住宅リフォーム会社がキャンセル料を取りやめへ、消費者契約法の規制について
2022/04/26 契約法務, 消費者契約法

はじめに
火災保険を利用した住宅修繕契約のキャンセル料が不当に高いとして、適格消費者団体が住宅リフォーム会社「ジェネシスジャパン」(八王子市)にキャンセル料規定を廃止するよう求めていた訴訟で25日、同社が請求の認諾を行っていたことがわかりました。キャンセル料は保険金の35%であったとのことです。今回は消費者契約法の解約料規制について見ていきます。
事案の概要
報道などによりますと、ジェネシスジャパンでは「火災保険の達人」というウェブサイトで、屋根や外壁などの修理にも火災保険を適用して、実質負担ゼロで実施すると勧誘していたとされます。しかし契約後に修理をキャンセルした場合、保険料の35%を徴収するとの条項を定めていたとのことです。

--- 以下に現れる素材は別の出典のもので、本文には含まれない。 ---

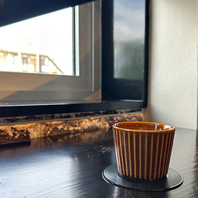 おひとり様歓迎◎電源完備の1人掛け席も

これに対しNPO法人「消費者機構日本」はこのキャンセル料が消費者契約法に違反して不当に高いとし、キャンセル料規定を廃止するよう求め提訴しておりました。ジェネシスジャパン側は25日、原告側の請求を全面的に認める、認諾を行ったとのことです。
消費者契約法による規制
消費者契約法9条1号によりますと、消費者契約の解除にともなう損害賠償額の予定や違約金条項を定めている場合、当該消費者契約と同種の消費者契約の解除に伴い「事業者に生ずべき平均的な損害の額」を超える部分については無効とするとされます。消費者契約とは、消費者と事業者との間で締結される契約を言い、消費者とは事業として契約の当事者となっていない個人を言うとされます(2条1号~3号)。そして消費者契約の解除とは、約定解除権や法定解除権の行使を言うとされます。適格消費者団体は事業者が同条に違反する消費者契約を不特定多数の消費者との間で締結するおそれがある場合には差止請求を行うことができるとされております(12条3項)。
平均的な損害の額
上記のように事業者に生ずべき平均的な損害の額を超える解約料や違約金は、その超過部分について無効となります。それでは「平均的な損害の額」とは具体的にどのような額を言うのでしょうか。一般的には2通りの考え方があるとされ、1つは民法416条に規定される「通常生ずべき損害」と同義であるとし、2つ目は特商法や割賦販売法の損害賠償の制限と同様に考えるというものです。前者の考え方では、民法の債務不履行による損害賠償の範囲と同じように考えることから履行利益や逸失利益も含まれるとされております。逆に後者の考え方では原状回復の範囲に限定されると考えられております。前者の考え方ではより事業者の利益保護に傾くこととなり、後者では消費者保護に重きをおくこととなると言えます。
平均的な損害の額に関する裁判例
旅館の宿泊契約を解除した際の取消料について不当利得返還請求がなされた事例で、延べ209人の合計宿泊料138万2535円のうち、その87%にあたる120万2805円については旅館側の被った損害であるとして逸失利益を認めた例があります(東京地裁平成23年11月17日)。また挙式披露宴実施契約のキャンセル料が高額すぎるとして適格消費者団体による差止訴訟が提起された事例で、サービス料を含む見積額に粗利率を乗じた額が「得べかりし利益」であるとして逸失利益が認められております(京都地裁平成26年8月7日)。一方逸失利益が否定された例として、ドレスレンタル契約を締結し申込金の振込がなされた翌日に契約が解除されたという事例があります。裁判所は契約締結から解除までの1日で事業者側が何らかの費用を負担することや、それにより他の顧客を募集できなかったことにより利益を逸失するということは考えられないとしました(東京地裁平成24年4月23日)。
コメント
本件では火災保険を利用した屋根や外壁の修理契約を締結した後にキャンセルした場合、キャンセル料として保険金の35%を徴収するとの条項が設けられておりました。適格消費者団体による提訴を受けて会社側は全面的に認め、同条項を撤廃する意向としております。仮に判決に及んでいたとしても「平均的な損害の額」を超えると認定される可能性はあると思われます。以上のように消費者契約法では平均的な損害の額を超える解約料や違約金は超過部分につき無効とされます。裁判例では一般的に逸失利益も含まれる扱いがなされていると考えられますが、事例によっては考慮要素も様々であり不確定な部分も多いと言えます。今後法改正によって明確化したり、証明責任を事業者側に転換すべきとの動きも出ております。今一度自社での契約条項を見直しておくことが重要と言えるでしょう。